Merlyn Morgan-Graham
`I would like to know that there are 4 total items, 2 of which are duplicates` for me means, that he want to get at least count of distinct items..
ŁukaszW.pl
I guess you can subtract the distinct count from the input count. Please add that to your solution, then :) He should probably clarify exactly what he wants, though, because he also implied he wanted a boolean value by saying `I am trying to find out if any of the lists are duplicated`. One might or might not be an easier problem than the other, and one is certainly faster than the other.
Merlyn Morgan-Graham
I am trying to find out the number of distinct lists, in an efficient way.
Nix
Good solution. This code can run O(n^2*m) as Andrey says, but it gets faster when there are less duplicates, and when there are no lists with the same number of elements then it's O(n*m). Plus it doesn't involve generating hashcodes; the comparison of the list elements is going to be nicer than comparison of hashcodes. And *finally*, the questioner notes that the list type is not restricted to int - and this solution is very easily adapted to other types.
Kirk Broadhurst
+6  A: 

Let's try to get best performace. if n is number of lists and m is length of lists then we can get O(n*m + n*logn + n) plus some probability of hash codes to be equal for different lists.

Major steps:

  1. Calculate hash codes*
  2. Sort them
  3. Go over list to find dupes

* this is important step. for simlicity you can calc hash as = ... ^ (list[i] << i) ^ (list[i + 1] << (i + 1))

Edit for those people that think that PLINQ can boost the thing, but not good algorythm. PLINQ can also be added here, because all the steps are easily parallelizable.

My code:

static public void Main()
{
    List<List<int>> list = new List<List<int>>(){
      new List<int>() {0 ,1 ,2, 3, 4, 5, 6 },
      new List<int>() {0 ,1 ,2, 3, 4, 5, 6 },
      new List<int>() {0 ,1 ,4, 2, 4, 5, 6 },
      new List<int>() {0 ,3 ,2, 5, 1, 6, 4 }
    };
    var hashList = list.Select((l, ind) =>
    {
        uint hash = 0;
        for (int i = 0; i < l.Count; i++)
        {
            uint el = (uint)l[i];
            hash ^= (el << i) | (el >> (32 - i));
        }
        return new {hash, ind};
    }).OrderBy(l => l.hash).ToList();
    //hashList.Sort();
    uint prevHash = hashList[0].hash;
    int firstInd = 0;            
    for (int i = 1; i <= hashList.Count; i++)
    {
        if (i == hashList.Count || hashList[i].hash != prevHash)
        {
            for (int n = firstInd; n < i; n++)
                for (int m = n + 1; m < i; m++)
                {
                    List<int> x = list[hashList[n].ind];
                    List<int> y = list[hashList[m].ind];
                    if (x.Count == y.Count && x.SequenceEqual(y))
                        Console.WriteLine("Dupes: {0} and {1}", hashList[n].ind, hashList[m].ind);
                }                    
        }
        if (i == hashList.Count)
            break;
        if (hashList[i].hash != prevHash)
        {
            firstInd = i;
            prevHash = hashList[i].hash;
        }
    }
}
Andrey
I like this slightly better than mine (Dictionary<hash value, List<List<int>>>), because it requires less storage, and makes the algorithmic complexity very obvious.
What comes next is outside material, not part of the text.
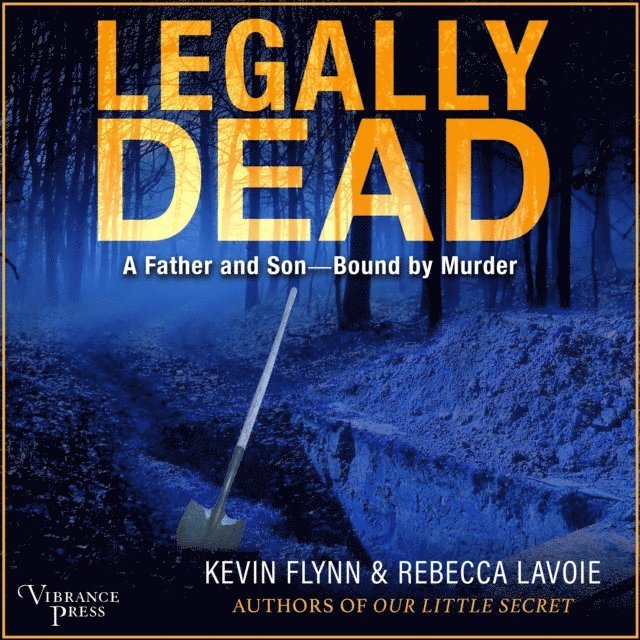 Rebecca Lavoie, Kevin Flynn - Legally Dead, Ljudbok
Implement it in C#, and I think we'll have a winner :)
Merlyn Morgan-Graham
Nice overall, but you need a better way of creating hash values for a general solution. That one has all sorts of likely collisions, and collides more and more the further you get into the list.
Rex Kerr
@Rex Kerr totally agree. please suggest better hash function if you know any for this case.
Andrey
Assuming the inner lists' possible items are non-negative integers with a not-too-large maximum, one could try the following hash function (almost certainly requiring an arbitrary-precision arithmetic library like GMP due to the enormous hash values likely to occur): for each inner list, hash to the product of sequential primes raised to the power of the corresponding element in the list. For example, the list (0, 1, 2, 3, 4, 5, 6) would hash to 2^0 * 3^1 * 5^2 * 7^3 * 11^4 * 13^5 * 17^6 = 3,375,486,799,005,529,032,825. Clunky, yes, but it is injective :-)
William
@Will this is too much. these arbitrary long integers are represented as arrays themselves. Hash must be fixed length.
Andrey
Anything of the form `x(i)*p^(n-i)` is a good choice, with `p` a non-tiny prime. It can be computed easily either iteratively or recursively: `hash(n+1) = hash(n)*p + x(n+1)`.
Rex Kerr
@Rex Kerr is there any theory behind it? i would like to get the details
Andrey
@Andrey - I'm not sure where the theory is written down, but it goes something like this: Small values are common, so you should avoid having 2,2 have the same hash as 4,1. The best way to do this is to make small numbers large (e.g. by multiplication; if you shift, and the number happens to be large, you throw away the large bits, while if you multiply it makes a difference to how it ends up wrapping into 32 bits). Then, you also don't want long lists to wrap back on themselves, which means you want to avoid multiplying by factors of 2. A non-tiny prime fulfills both criteria.
Rex Kerr
+3  A: 

Unless you're doing some seriously heavy lifting, perhaps the following simple code will work for you:

var lists = new List<List<int>>()
{
   new List<int>() {0 ,1, 2, 3, 4, 5, 6 },
   new List<int>() {0 ,1, 2, 3, 4, 5, 6 },
   new List<int>() {0 ,1, 4, 2, 4, 5, 6 },
   new List<int>() {0 ,3, 2, 5, 1, 6, 4 }
};

var duplicates = from list in lists
                 where lists.Except(new[] { list }).Any(l => l.SequenceEqual(list))
                 select list;

Obviously you could get better performance if you hand-tweak an algorithm such that you don't have to scan the lists each iteration, but there is something to be said for writing declarative, simpler code.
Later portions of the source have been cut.